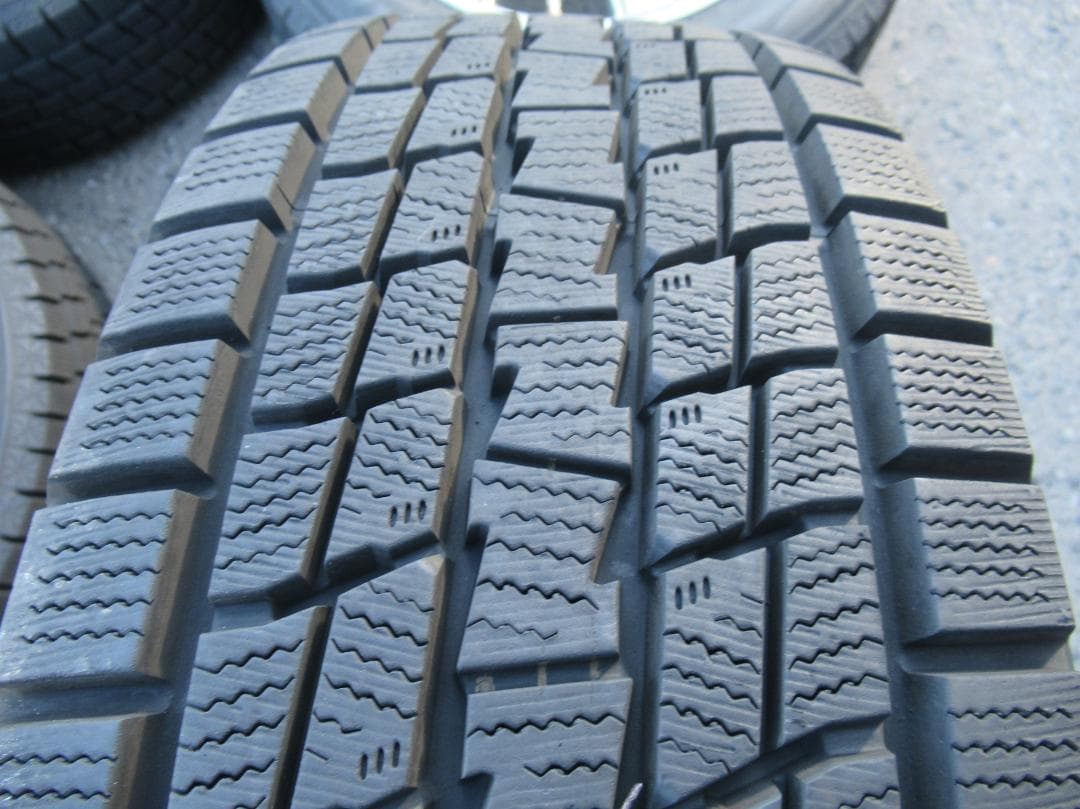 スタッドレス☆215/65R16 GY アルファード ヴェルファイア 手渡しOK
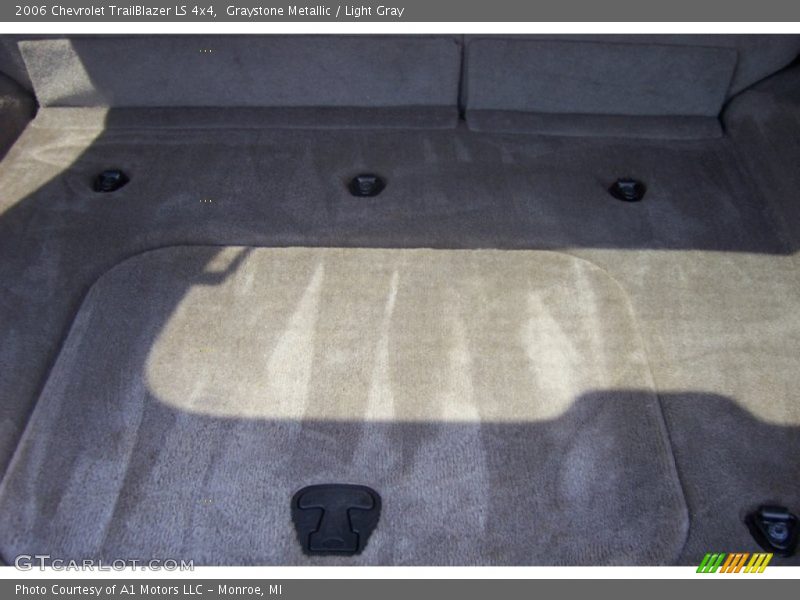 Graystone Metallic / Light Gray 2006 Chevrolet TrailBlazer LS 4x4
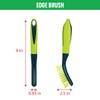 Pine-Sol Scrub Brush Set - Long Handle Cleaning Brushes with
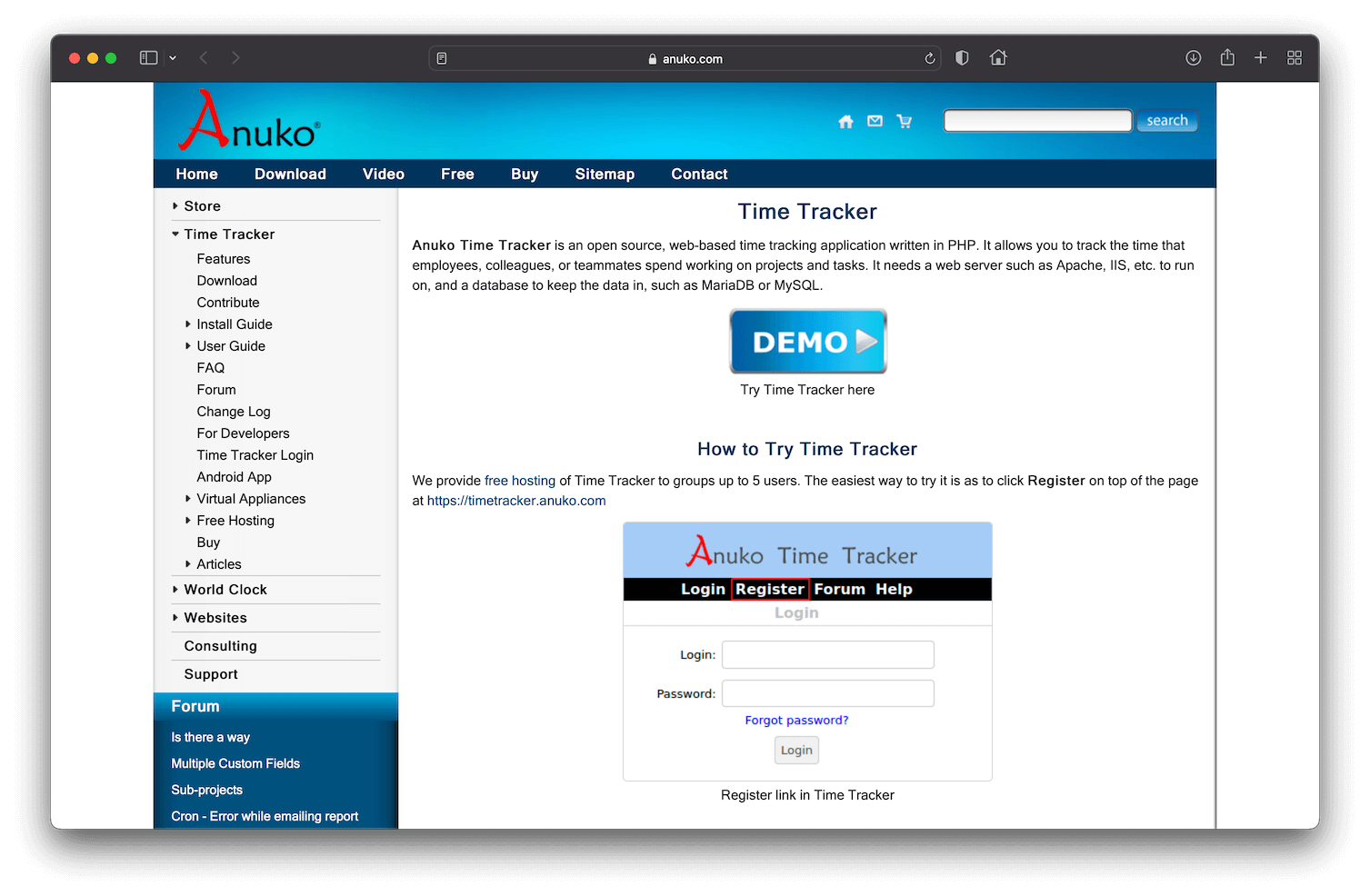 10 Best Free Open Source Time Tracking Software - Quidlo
━━━━
_WHAT YOU NEED TO DO_. I need the lines from the line holding "Graystone Metallic /" through the end of the material, inclusive, restated word for word and without pictures.

_ANSWER BOX_.
 Graystone Metallic / Light Gray 2006 Chevrolet TrailBlazer LS 4x4
 Pine-Sol Scrub Brush Set - Long Handle Cleaning Brushes with
 10 Best Free Open Source Time Tracking Software - Quidlo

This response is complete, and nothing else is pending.